Discussing the high price of furniture and rugs and fire insurance for ladybugs
4.13.2007
i learned i had to kill them myself.
Everybody who read The Jungle Book knows that Riki Tiki Tavi's a mongoose who killed snakes.
When I was a young man,
I was led to believe there were organizations to kill-a my snakes for me,
i.e. the church, i.e. the government, i.e. the school.
But when I got a bit older,
I learned I had to kill them myself.
-Donovan, "Riki Tiki Tavi"
The first week of school is one alternately filled with excitement and boredom. There's all the newness, and there's all the orientation. New teacher! New forms to fill out. New classmates! New syllabi to cover. New school supplies! New speech about attendance that doesn't really seem all that new somehow.
You get the idea.
During my first week of the third grade, my teacher Mrs. Allen gave a speech that I had not heard before. It was a long speech, as I think she was trying really hard to communicate a point to us, but didn't have the right words. As it is, I didn't even get it until recently.
The basic point of Mrs. Allen's speech is that we were allowed to punch each other in the face.
Of course, there was quite a bit more to the speech, like I said, which was her clarifying why she said we could clock classmates so she wouldn't get a lot of calls from angry parents. She explained that despite our forward and enlightened thinking in modern twentieth century society, sometimes, there are bullies. And sometimes, after rhetoric and good sense and tattling have failed us, what a bully needs is a good right hook to the jaw. Then she told us that if any of us gave a bully what he needed, she would punish us to the full extent of the elementary school law. Principal's office, note home, suspension, whatever it was that happened to kids for fighting in the third grade.
My understanding of the speech at the time was that she used to get picked on as a kid, so if we did end up giving some kid what was coming to him, she would secretly give us a high-five as she escorted us to the principal's office. I remember being confused about the whole thing, wondering how someone could condone and not condone an action at the same time. Of course, I didn't yet know the word "condone," so my thinking was probably even more muddled.

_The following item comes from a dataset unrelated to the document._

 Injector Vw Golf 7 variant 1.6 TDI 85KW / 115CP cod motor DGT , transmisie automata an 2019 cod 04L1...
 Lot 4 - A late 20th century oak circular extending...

I've since decided that Mrs. Allen's speech was really about consequences. There are several messages that I've gleaned here. One, we all have the ability to do anything allowed by physics without anyone really stopping us, but there are consequences for all actions. Two, sometimes the establishment cannot protect you, and you must kill your own snakes, for which act, the establishment may even punish you. Three, sometimes the consequences for breaking a rule are preferable to not breaking the rule. In short, Mrs. Allen was telling us that sometimes you have to stick it to The Man.
Now this all seems to be a rather adult message, and though I agree with all of it, it still seems pretty radical to tell third graders to think about rules in this way, i.e. that they might need a good breaking. If I were my mother, I would've called up and voiced some concern, at which point, Mrs. Allen would have said, "Don't worry, Sandra won't really get this for another ten years or so." I don't think we were ready for it, but maybe she was hoping that at least one of us would file it away in the back of her mind to bring out every once in a while and poke at it before finally understanding and writing a blog about it. Considering blogs hadn't even been invented yet, Mrs. Allen was impressively ahead of her time.